ANSWER TO YESTERDAY'S METS QUIZ...

We give questions and we give answers to Mets Trivia Questions.
Yesterday's question was:

Which Met in 2005 spoiled then-Angels' -- and new Mets' -- closer Francisco Rodriguez's Shea Stadium debut with a game-tying, inside-the-park home run?

The correct answer is c) Marlon Anderson

Anderson was pinch-hitting for first-baseman Chris Woodward, with one out and none on in the bottom of the ninth inning and the Mets trailing 2-1. Anderson came through with a rocket to right-center field that the Angels in the outfield couldn't correctly play. He slid into home, just beating a tag by catcher Bengie Molina, to tie the score at 2-2. Read on to find out how that bizarre game, which until that point had been a classic pitchers' duel between the Angels' Jarrod Washburn and the Mets' Kris Benson, turned out.

a) Mike Cameron, now a Milwaukee Brewer, was a charismatic, smooth fielding, speedy, streaky-hitting center fielder who joined the Mets as a free agent before the 2004 season and in that year, walloped a career-high 30 homers.
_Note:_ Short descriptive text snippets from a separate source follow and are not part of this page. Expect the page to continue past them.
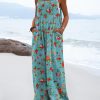 Women's Summer Casual Overalls Loose Wide Leg Jumpsuits Boho Floral Printed Baggy Rompers with Pockets PZH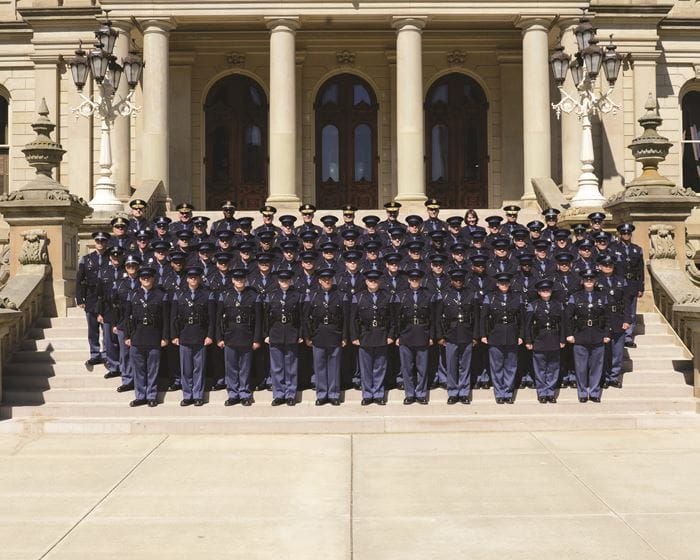 Photo of 143rd Trooper Recruit School and MSP command on the Capitol Steps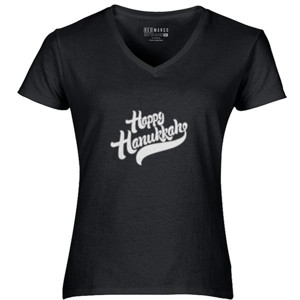 Kaos Happy Hanukkah Dand Drawn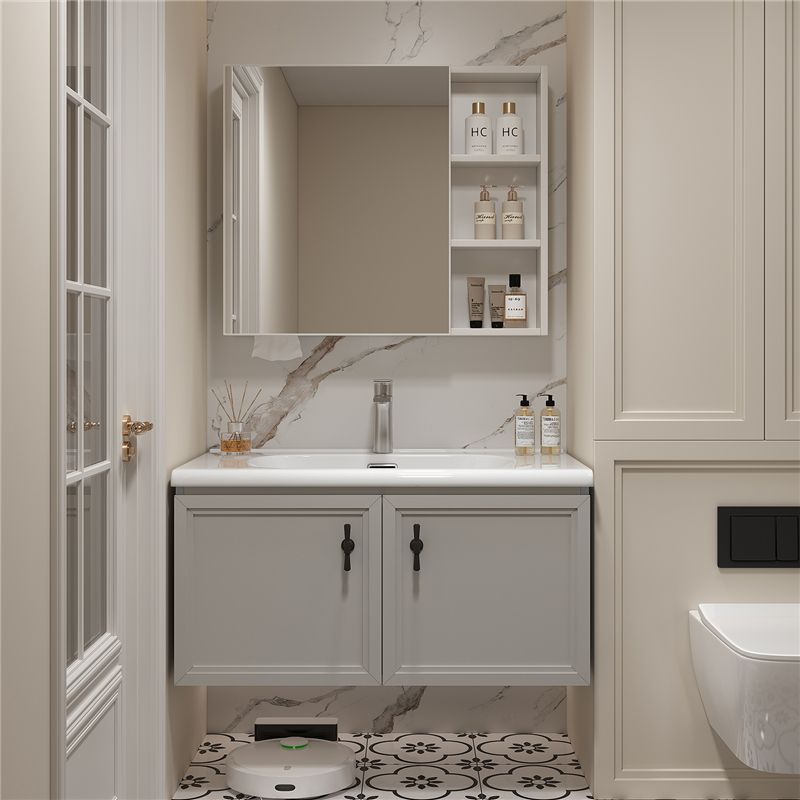 Aluminum alloy bathroom cabinet, ceramic integrated basin, bathroom washbasin cabinet set, washbasin countertop, integrated washbasin Application Scenario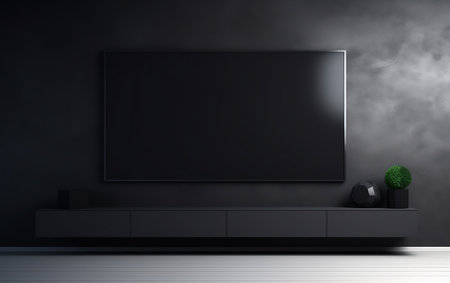 TV Wall Mounted in Dark Room with Black Backdropの素材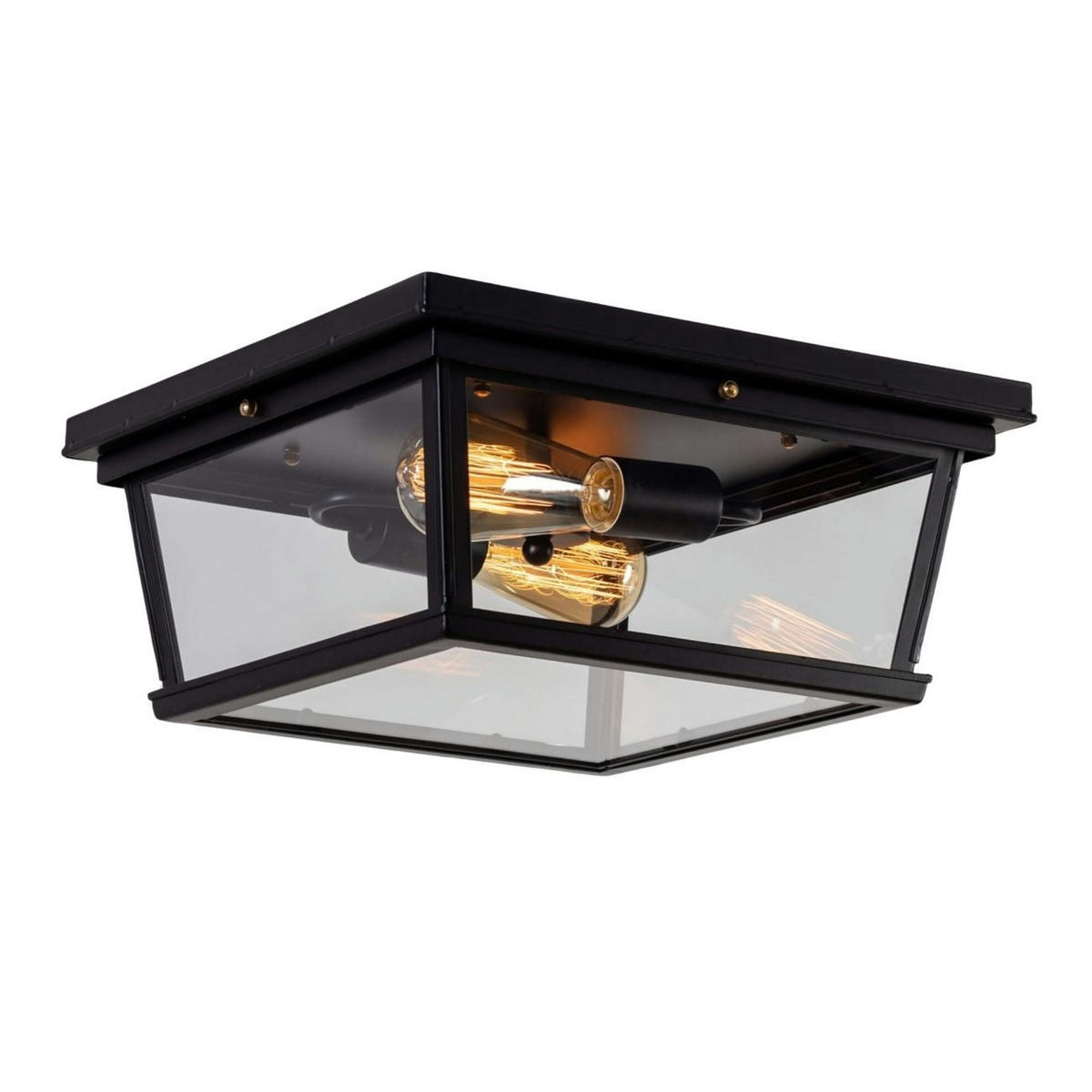 DECKENLEUCHTE Velia, Schwarz, 36cm - Schwarz, Glas (36/36/17.5cm) - KOSILUM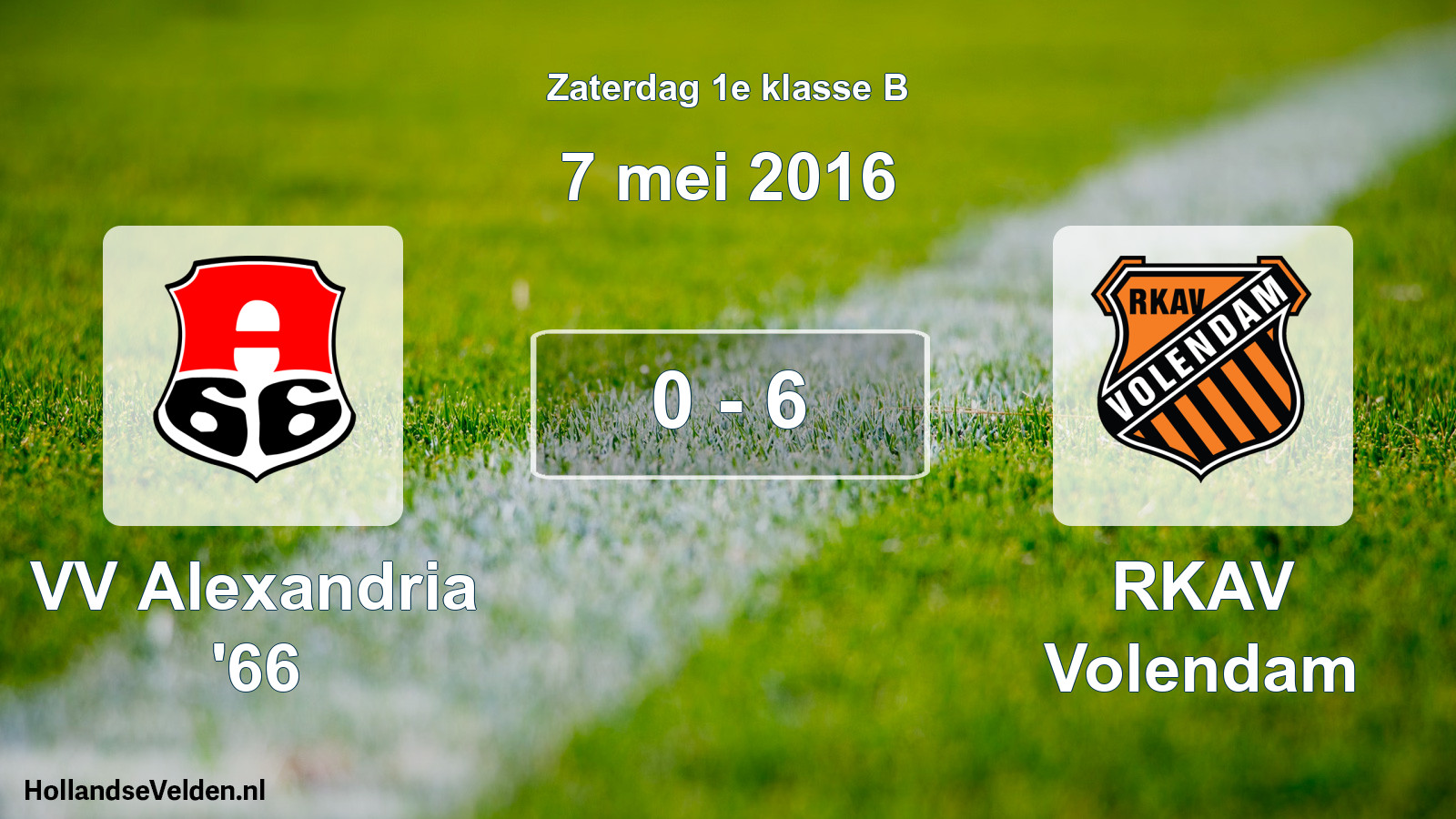 Total number of matches played: VV Alexandria '66 - RKAV Volendam 0 - 6 (7 May 2016)
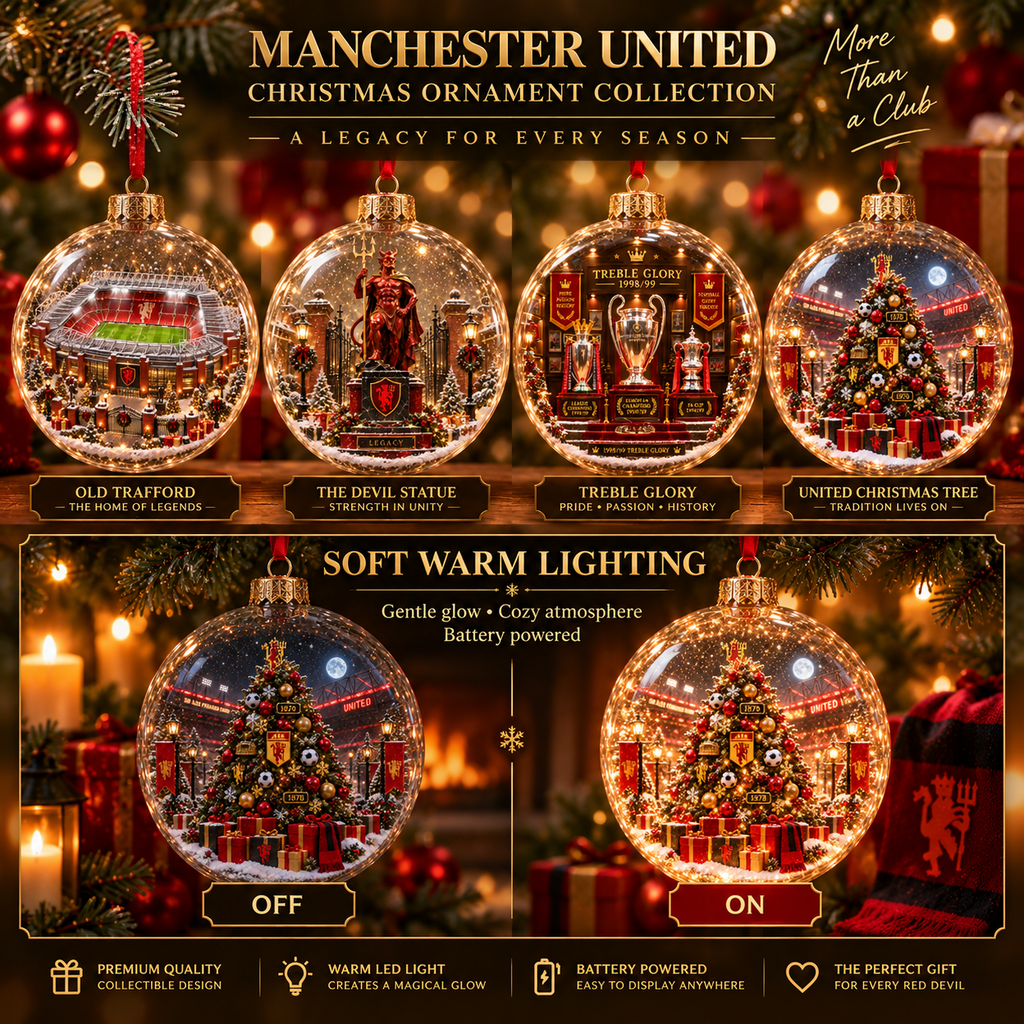 United in Red — Light-Up Football Heritage Ornament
In 2005, though, his season was cut short after 76 games after a gruesome outfield collision with Carlos Beltran at San Diego's Petco Park. In the 2005 game in question, against the Angels, he went 1-for-4 with a double.

b) Kaz Matsui, now a Houston Astro, accomplished unusual feats as a Met despite a subpar two-and-a-half year tenure in Queens. On Opening Night in 2004, against Atlanta, he homered on the first pitch he ever saw in a regular season game. In the 2005 Opener at Cincinnati, he homered in his first plate appearance. And in 2006, Matsui struck again, hitting an inside-the-park homer at Petco Park in his first plate appearance that year, after coming off the disabled list. But in this 2005 game against the Halos, Matsui went 0-for 3 with a walk.

d) Cliff Floyd, a member of last season's American League Champion Tampa Bay Rays, was one of the most popular Mets in recent years, for his off-field sense of humor, mentoring of David Wright and powerful left-handed bat. But leg injuries had him hobbling so badly in 2006 that teammate Paul LoDuca had Mets in-game entertainment personnel play the theme to the old NBC sitcom "Sanford and Son," to evoke images of lead character Fred Sanford's signature limp. It's doubtful he would ever have made it around the bases for an inside-the-park job. But on that night in 2005, Floyd could've used all the time he needed when he smoked a Brendan Donnelly pitch deep over the right field wall for a walkoff, three-run homer which overcame a 3-2 deficit and gave the Mets a 5-3 win at Shea.